From Philosophy to Practice. Critical reasoning in the oncological practice

Author:

Giovanni Boniolo


Date of publication: 03 April 2025
Last update: 03 April 2025

Abstract

On April 6, 2016, Richard Smith, former editor of “The British Medical Journal”, wrote a surprising note titled “Medicine’s need for philosophy”. In this entry it is told why medicine in general and oncology in particular need a special branch of philosophy, that is, critical thinking.

 

Why critical thinking?

On April 6, 2016, Richard Smith, former editor of “The British Medical Journal”, wrote a surprising note titled “Medicine’s need for philosophy” (Smith 2016). After some reflection on the status of medical education and clinical practice, he concluded that “I came away with a conviction that healthcare, which is suffering an existential crisis, badly needs the help of philosophers”. A year before, Robert Casadevall, a microbiologist and immunologist at the Johns Hopkins Bloomberg School of Public Health and Johns Hopkins School of Medicine, burst onto the scene of the American way of teaching medicine claiming, in the “Johns Hopkins Public Health Magazine”, that there is the need “[To] Put the ‘Ph’ Back in PhD”, where ‘Ph’ was for ‘Philosophy’, since “We need big thinkers, but the current system teaches students to think small”.
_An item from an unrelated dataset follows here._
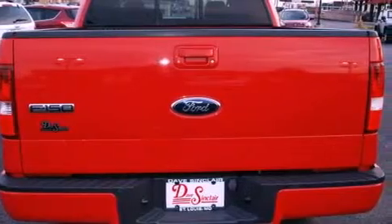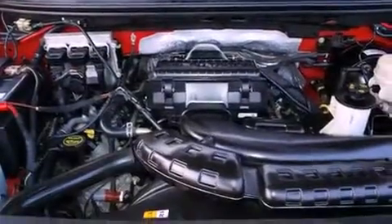Disc brakes with an anti-lock braking system, full power accessories, and an auxiliary power outlet.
Both Casadevall and Smith did not mean to introduce Aristotle, Plato, Hegel, or Nietzsche in the education of young physicians, but clinical methodology, ethics of biomedical research and clinical practice, and clinical critical thinking. Let us stay on this last subject.

What is critical thinking? It is the proper way Western and Eastern traditions have constructed their successes and reached their results over the centuries. It is the capacity to think correctly (and critically) about the problems, their solutions, and their justifications. In the medical case, this means the capacity to correctly analyze the pathological situation of the patient, to understand which kind of diagnosis and therapy to propose (this is the problem), to find the proper diagnosis and the proper therapy (the solution), and to justify the clinical decision which has been taken.

Needless to say, any oncologist should have the ability to think critically in the diagnostic and therapeutic phases since the patient’s life lies exactly in these moments. Nevertheless, no one is born with this innate ability, and it is important to have more than just a quick exposure to these topics to reach that ability at a professional level. This means teaching how to analyze an oncological problem and how to solve it. But this means also teaching the oncological students how to avoid the fallacies, that is, the wrong reasonings that they could do in their daily practice and that could be lethal for the patients they are curing.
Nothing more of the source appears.